[lake] Fix union read duplicating rows for non-String partition columns by bryndenZh · Pull Request #3500 · apache/fluss

bryndenZh · 2026-06-19T16:05:22Z

Purpose

Related issue: #3490

For a partitioned table with table.datalake.enabled=true and a non-STRING
partition column (DATE, INT, TIMESTAMP, ...), union read returns each tiered
row twice.

PaimonSplit#partition() read every field via BinaryRow.getString regardless of
type, so for non-STRING columns the lake-side partition name was garbage and never
matched the Fluss-side name in LakeSplitGenerator — the partition was then emitted
as both a lake split and a Fluss-log split.

Brief change log

Add PaimonPartitionUtils#partitionValues to render partition values type-aware,
matching the Fluss-side format (PartitionUtils#convertValueOfType).

Tests

PaimonPartitionUtilsTest: every partition type's output equals
PartitionUtils#convertValueOfType for the same value; plus string and
multi-column cases.
PaimonSplitTest#testPaimonSplitWithDatePartition: a DATE-partitioned table
yields ["2024-03-01"] end-to-end through the planner (garbage before).
PaimonSplitSerializerTest: partition values round-trip through serialization.

API and Format

PaimonSplit's serialized form now includes the partition values (appended after
the existing fields).

Documentation

No user-facing documentation change.

For a partitioned table with table.datalake.enabled=true and a non-String partition column (DATE, INT, TIMESTAMP, etc.), default union read returned each tiered row twice because PaimonSplit#partition() read every partition field via BinaryRow.getString regardless of logical type. The lake-side partition name then never matched the Fluss-side name in LakeSplitGenerator, so the same partition was emitted as both a lake-only split and a Fluss-log split. Add PaimonPartitionUtils to render partition values in a logical-type-aware way matching PartitionUtils#convertValueOfType, compute them in PaimonSplitPlanner, and apply the same fix to DvTableReadableSnapshotRetriever.

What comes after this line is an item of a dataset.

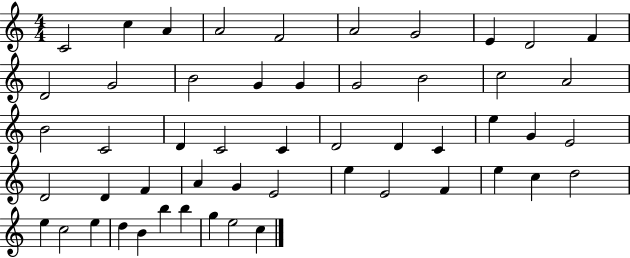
C4/h C5/q A4/q A4/h F4/h A4/h G4/h E4/q D4/h F4/q D4/h G4/h B4/h G4/q G4/q G4/h B4/h C5/h A4/h B4/h C4/h D4/q C4/h C4/q D4/h D4/q C4/q E5/q G4/q E4/h D4/h D4/q F4/q A4/q G4/q E4/h E5/q E4/h F4/q E5/q C5/q D5/h E5/q C5/h E5/q D5/q B4/q B5/q B5/q G5/q E5/h C5/q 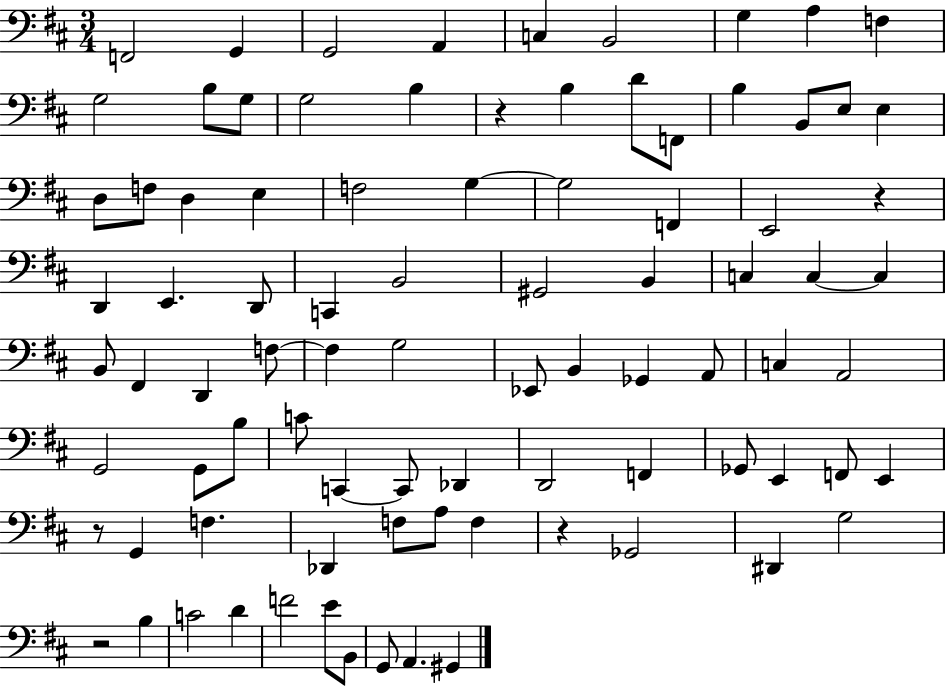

Co-Authored-By: Claude Opus 4.8 <noreply@anthropic.com>

Copilot

Pull request overview

Fixes duplicated rows in lake/union reads for partitioned tables when partition columns are non-STRING types by rendering Paimon partition values in the same type-aware format Fluss uses for partition names.

Changes:

Add PaimonPartitionUtils.partitionValues(...) to convert BinaryRow partition fields type-aware into Fluss partition-name strings.
Use the new conversion in split planning and DV-table partition name mapping so lake-side and Fluss-side partition names match.
Extend tests to cover type parity with PartitionUtils#convertValueOfType, end-to-end DATE partition rendering, and split (de)serialization.

Reviewed changes

Copilot reviewed 8 out of 8 changed files in this pull request and generated 3 comments.

Show a summary per file

File	Description
fluss-lake/fluss-lake-paimon/src/main/java/org/apache/fluss/lake/paimon/utils/PaimonPartitionUtils.java	New utility to render Paimon partition rows into Fluss-formatted partition value strings (type-aware).
fluss-lake/fluss-lake-paimon/src/main/java/org/apache/fluss/lake/paimon/utils/DvTableReadableSnapshotRetriever.java	Use type-aware partition conversion when building Fluss partition names from Paimon `BinaryRow`.
fluss-lake/fluss-lake-paimon/src/main/java/org/apache/fluss/lake/paimon/source/PaimonSplitPlanner.java	Attach Fluss-formatted partition values onto planned `PaimonSplit`s.
fluss-lake/fluss-lake-paimon/src/main/java/org/apache/fluss/lake/paimon/source/PaimonSplit.java	Store partition values explicitly rather than re-reading via `BinaryRow.getString(...)`.
fluss-lake/fluss-lake-paimon/src/main/java/org/apache/fluss/lake/paimon/source/PaimonSplitSerializer.java	Serialize/deserialize partition values alongside existing split fields.
fluss-lake/fluss-lake-paimon/src/test/java/org/apache/fluss/lake/paimon/utils/PaimonPartitionUtilsTest.java	New unit tests ensuring Paimon conversion matches Fluss `PartitionUtils` across supported types.
fluss-lake/fluss-lake-paimon/src/test/java/org/apache/fluss/lake/paimon/source/PaimonSplitTest.java	Adds DATE-partition end-to-end assertion for planned split partition rendering.
fluss-lake/fluss-lake-paimon/src/test/java/org/apache/fluss/lake/paimon/source/PaimonSplitSerializerTest.java	Verifies partition values round-trip through the split serializer.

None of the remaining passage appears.